AI Agents vs Mixture of Experts: AI Workflows Explained

The video compares AI multi-agent workflows, which coordinate specialized agents at the application level to collaboratively solve tasks, with mixture of experts (MoE) architectures that operate within neural networks by routing inputs to specialized expert components for efficient processing. It highlights how combining these approaches enables sophisticated AI systems that leverage high-level task management alongside resource-efficient, specialized computation within individual agents.

The video explains two prominent AI architectures: AI multi-agent workflows and mixture of experts (MoE), highlighting their similarities and differences. AI multi-agent workflows involve a planner agent that distributes tasks to specialized agents, each excelling in a particular domain. These agents work collaboratively, and their outputs are aggregated to produce a final response. This architecture is modular and operates at the application level, with agents perceiving their environment, consulting memory, reasoning, acting, and observing outcomes in a continuous loop.

In contrast, the mixture of experts architecture functions at the neural network level. It consists of multiple expert components within a single model, each specializing in different parts of the input space. A gating network routes input tokens to the appropriate experts, which process the data in parallel. The outputs from these experts are then merged mathematically to form a unified representation that continues through the model. A key advantage of MoE is sparsity, as only a subset of experts is activated for any given input, making the model more memory-efficient.

The video illustrates how these two architectures can coexist within the same system using an enterprise incident response workflow as an example. A security analyst inputs an alert and a question, which the agentic workflow processes by breaking down the request and assigning tasks to specialized agents like log triage and threat intelligence. Notably, the log triage agent itself can be implemented as an LLM using a mixture of experts architecture, where only a few experts are activated per input batch, optimizing computational resources.

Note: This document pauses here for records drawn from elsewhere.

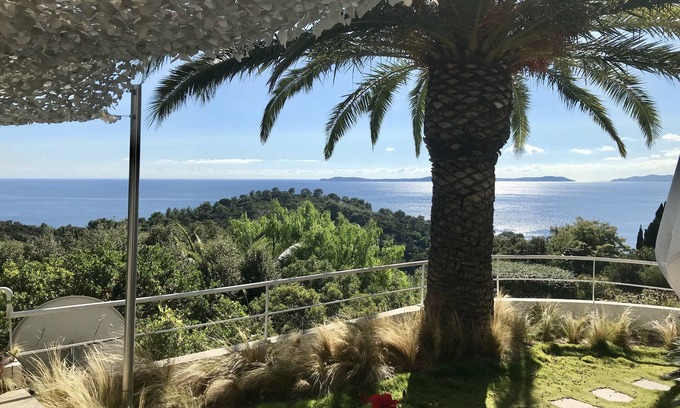 Le Rayol Villa | Ultra-stylish villa, stunning views, fabulous 12m pool. Perfect for families.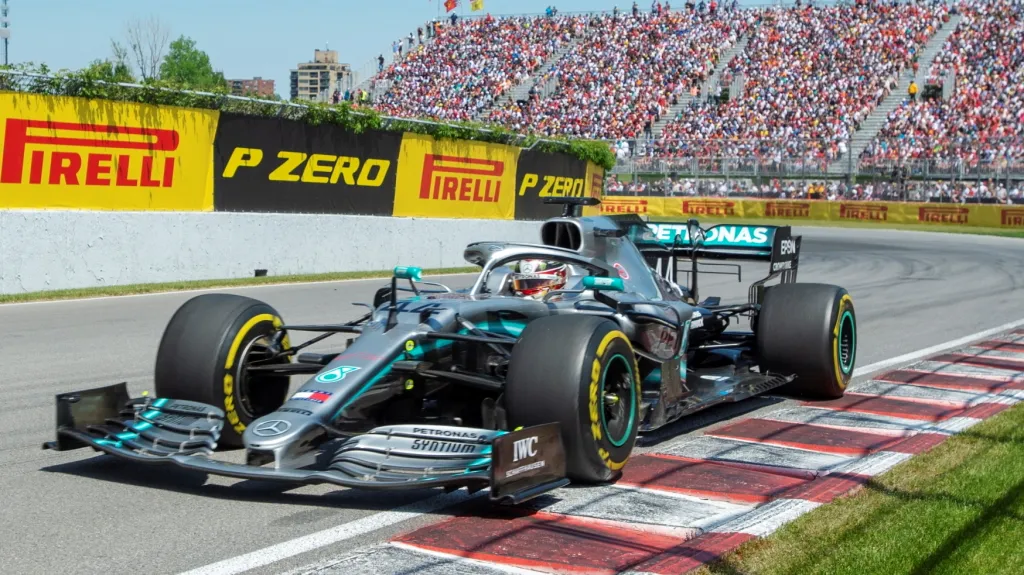 Vítěz Velké ceny Kanady Lewis Hamilton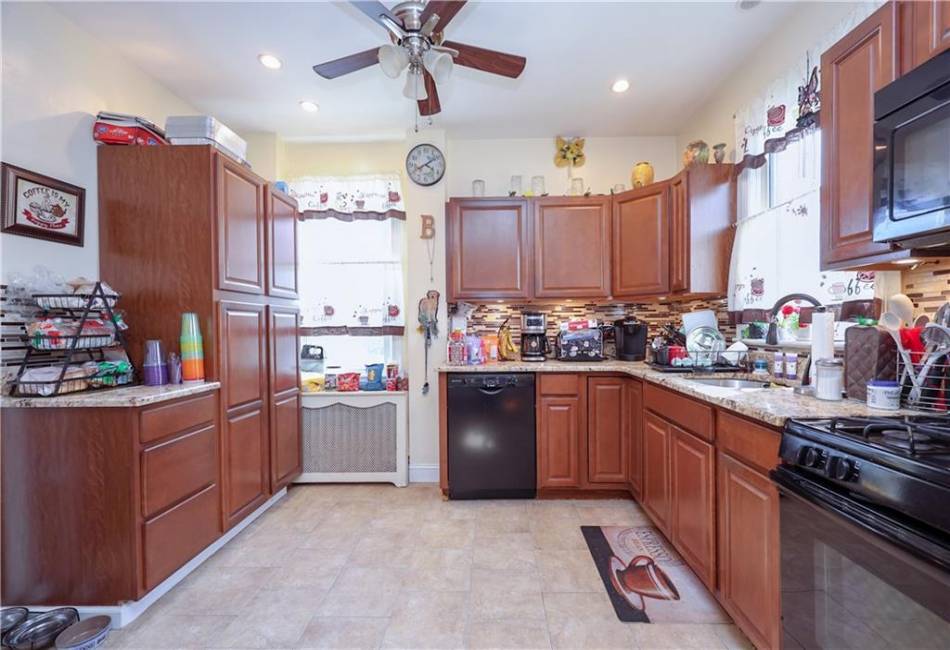 45 Laconia Avenue, Staten Island, New York 10305, 4 Bedrooms Bedrooms, ,3 BathroomsBathrooms,Residential,For Sale,Laconia,484974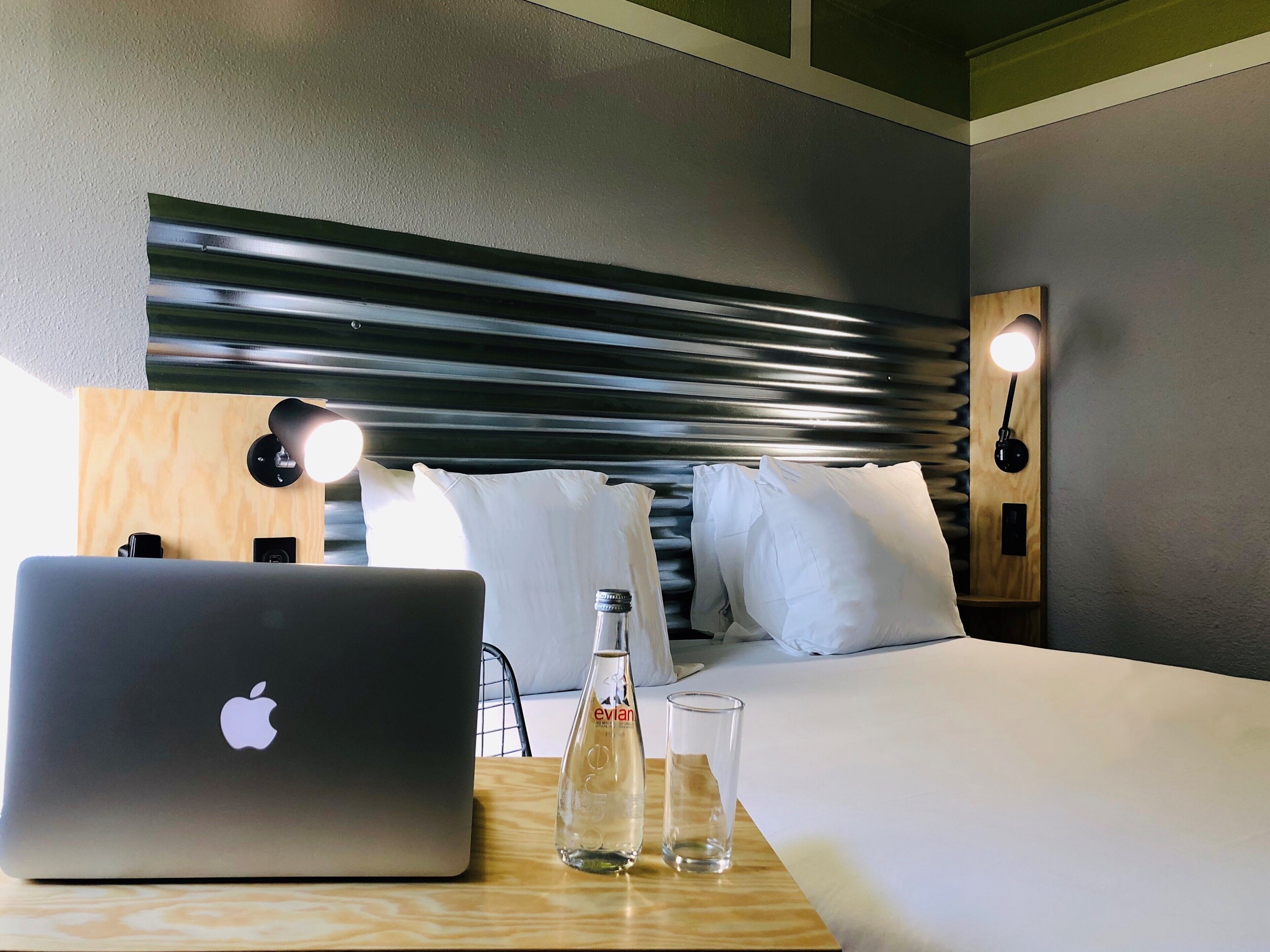 Ropa de cama de alta calidad, colchones con pillow-top y escritorio 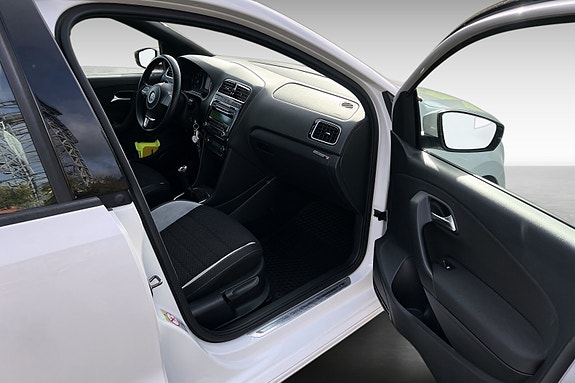 Volkswagen Polo 18 of 30
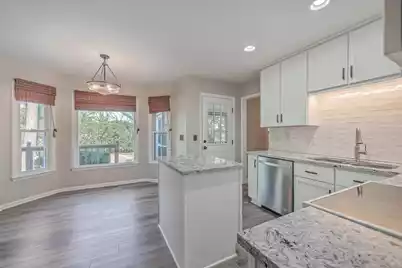 478 Mount Royall Drive, Mount Pleasant, SC 29464 - Photo 16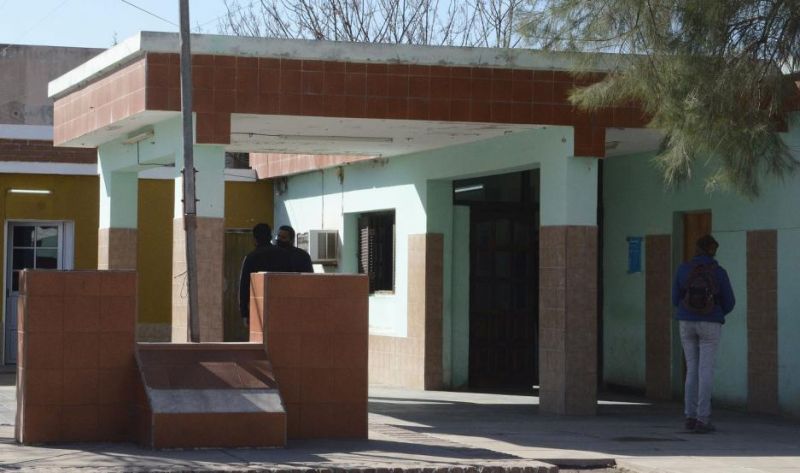 Policías heridos en escandaloso enfrentamiento de barras afuera de un boliche, en Campo Gallo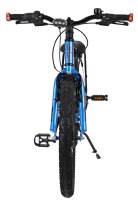 Blaues Mountainbike mit robustem Reifen und sportlichem Lenkerdesign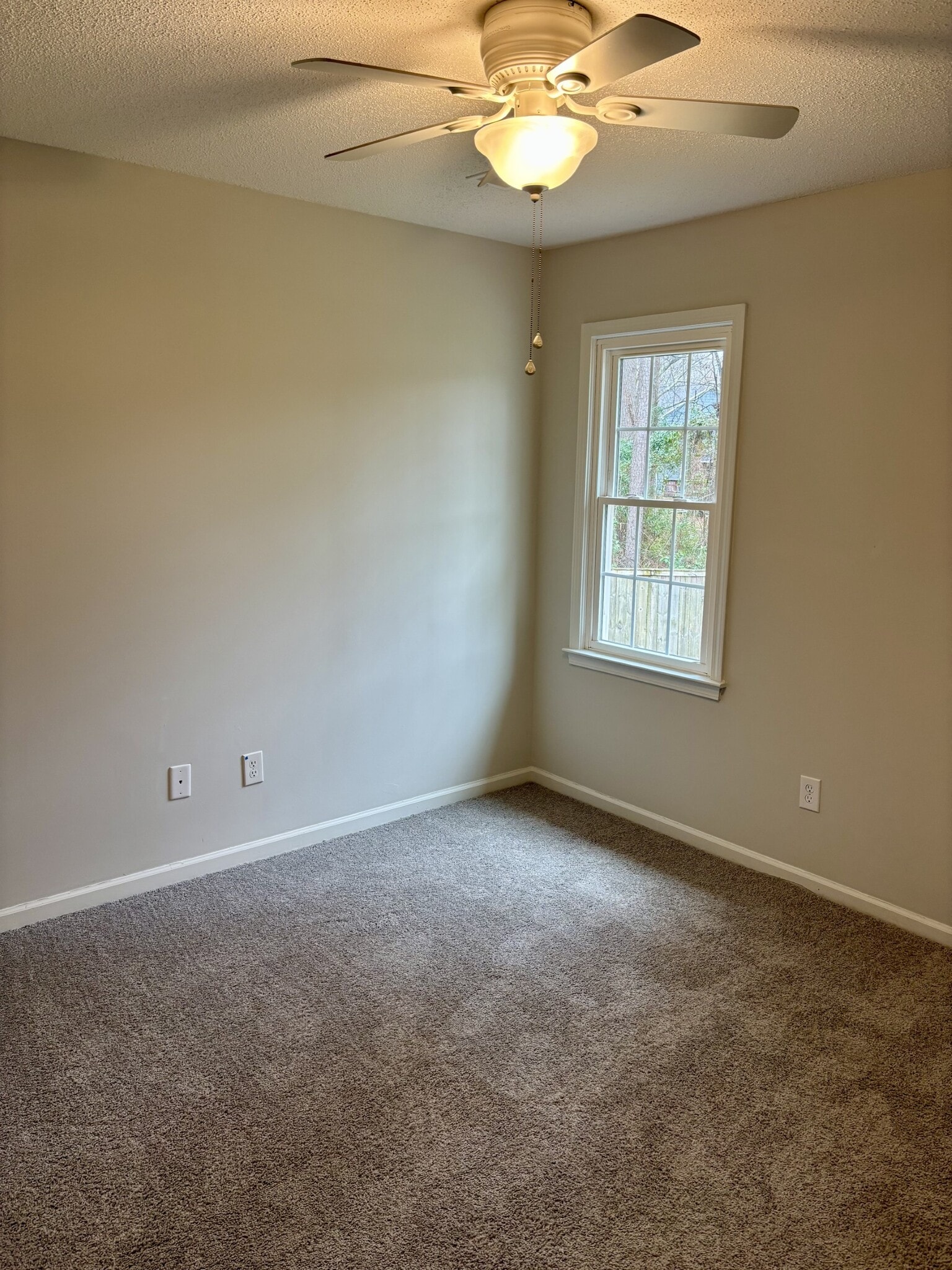 Building Photo - 532 Kenton Dr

The distinction between the two lies in their operational scope: agents manage task routing and decision-making across a workflow, interacting with tools and memory, while mixture of experts manage token routing within a single neural network model, selectively activating parameter subsets for efficient computation. This layered approach allows AI systems to reason broadly across tasks while specializing deeply within individual components.

Ultimately, combining AI multi-agent workflows with mixture of experts models enables the creation of sophisticated AI systems that leverage the strengths of both architectures. Agents provide high-level coordination and modularity, while MoE models offer efficient, specialized processing within individual agents. This synergy supports advanced applications requiring complex reasoning, specialization, and resource-efficient inference.